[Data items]
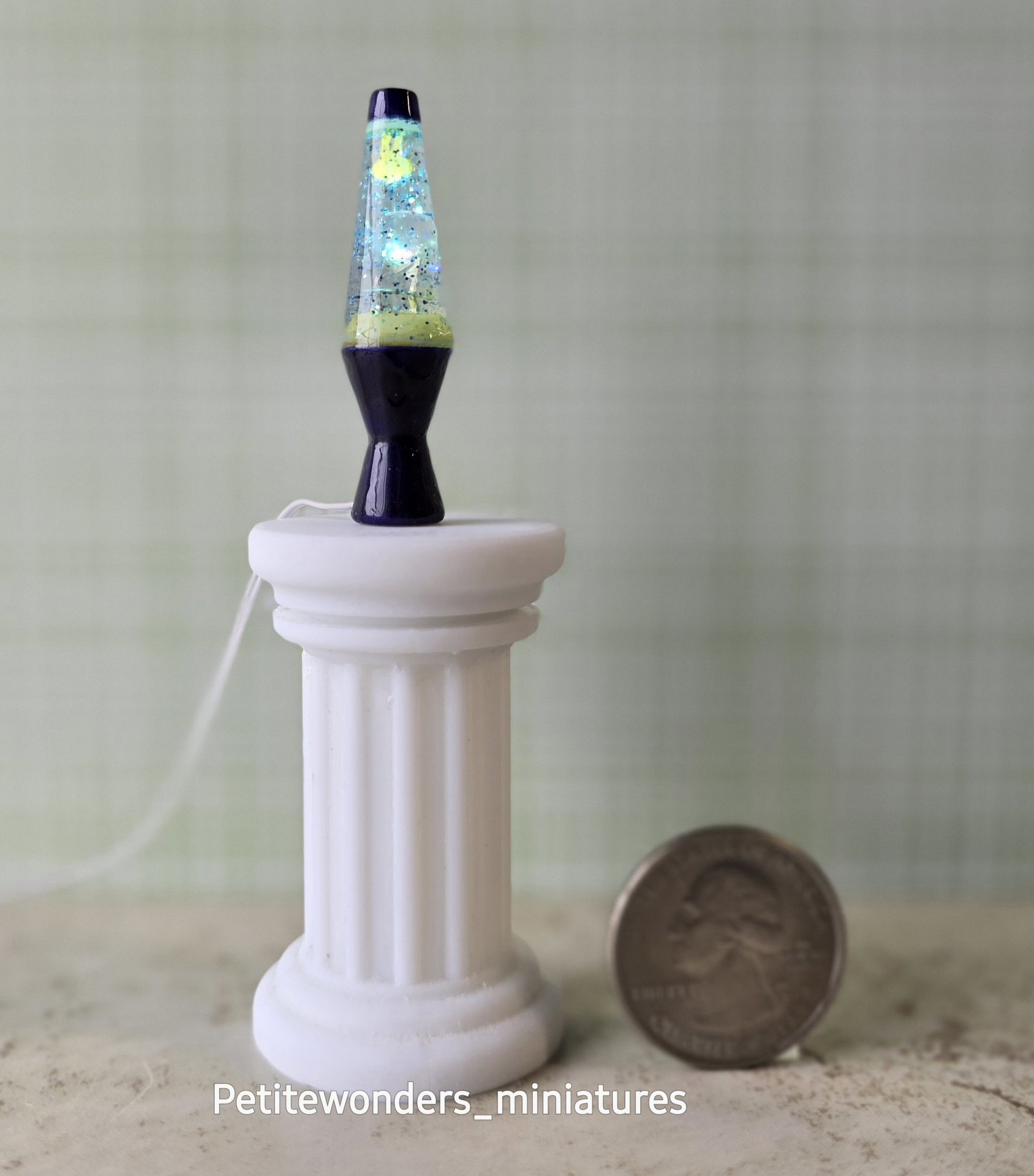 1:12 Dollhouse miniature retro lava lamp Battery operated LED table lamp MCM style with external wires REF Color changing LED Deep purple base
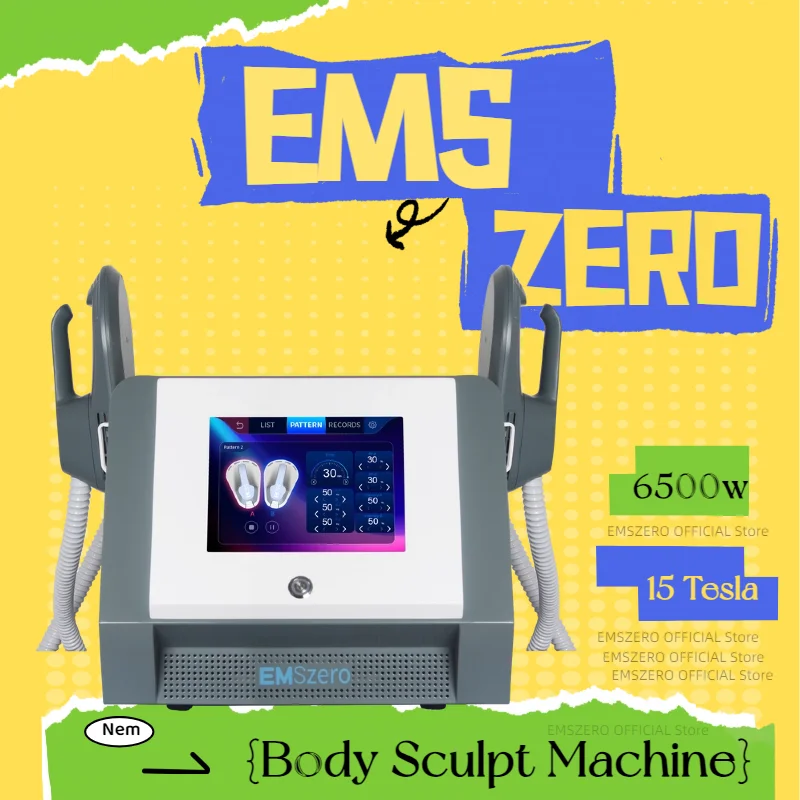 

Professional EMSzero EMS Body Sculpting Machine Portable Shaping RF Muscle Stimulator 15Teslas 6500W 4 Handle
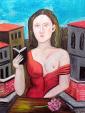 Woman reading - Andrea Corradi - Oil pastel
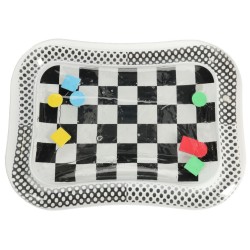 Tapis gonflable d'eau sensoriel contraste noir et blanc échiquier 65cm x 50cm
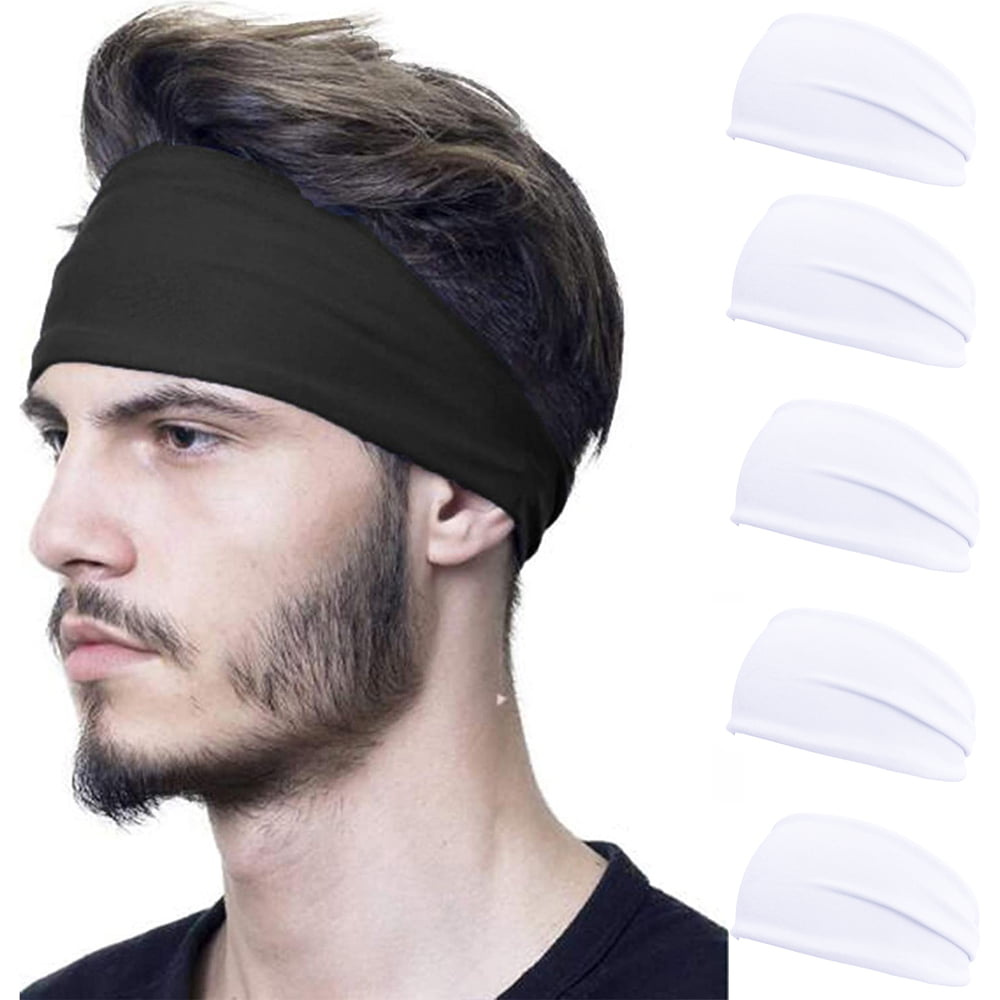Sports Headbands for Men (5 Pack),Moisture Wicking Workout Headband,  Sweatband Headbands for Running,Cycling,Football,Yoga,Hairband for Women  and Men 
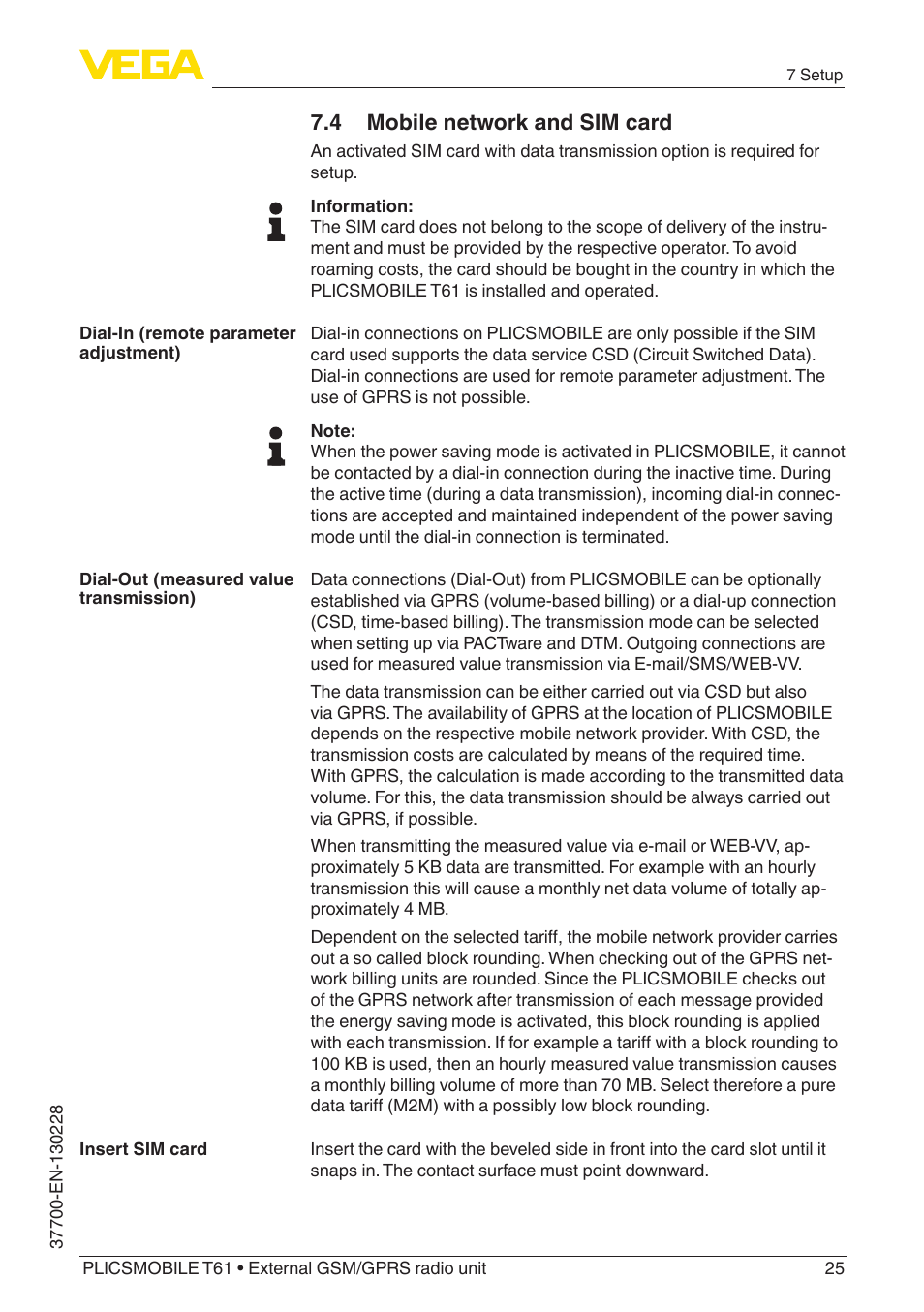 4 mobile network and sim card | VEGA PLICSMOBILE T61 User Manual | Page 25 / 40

Instructions for the task
Give again, word for word, every line from the top of the data through the line with "Professional EMSzero EMS", both ends included, and exclude the pictures.

Task result
 1:12 Dollhouse miniature retro lava lamp Battery operated LED table lamp MCM style with external wires REF Color changing LED Deep purple base

Professional EMSzero EMS Body Sculpting Machine Portable Shaping RF Muscle Stimulator 15Teslas 6500W 4 Handle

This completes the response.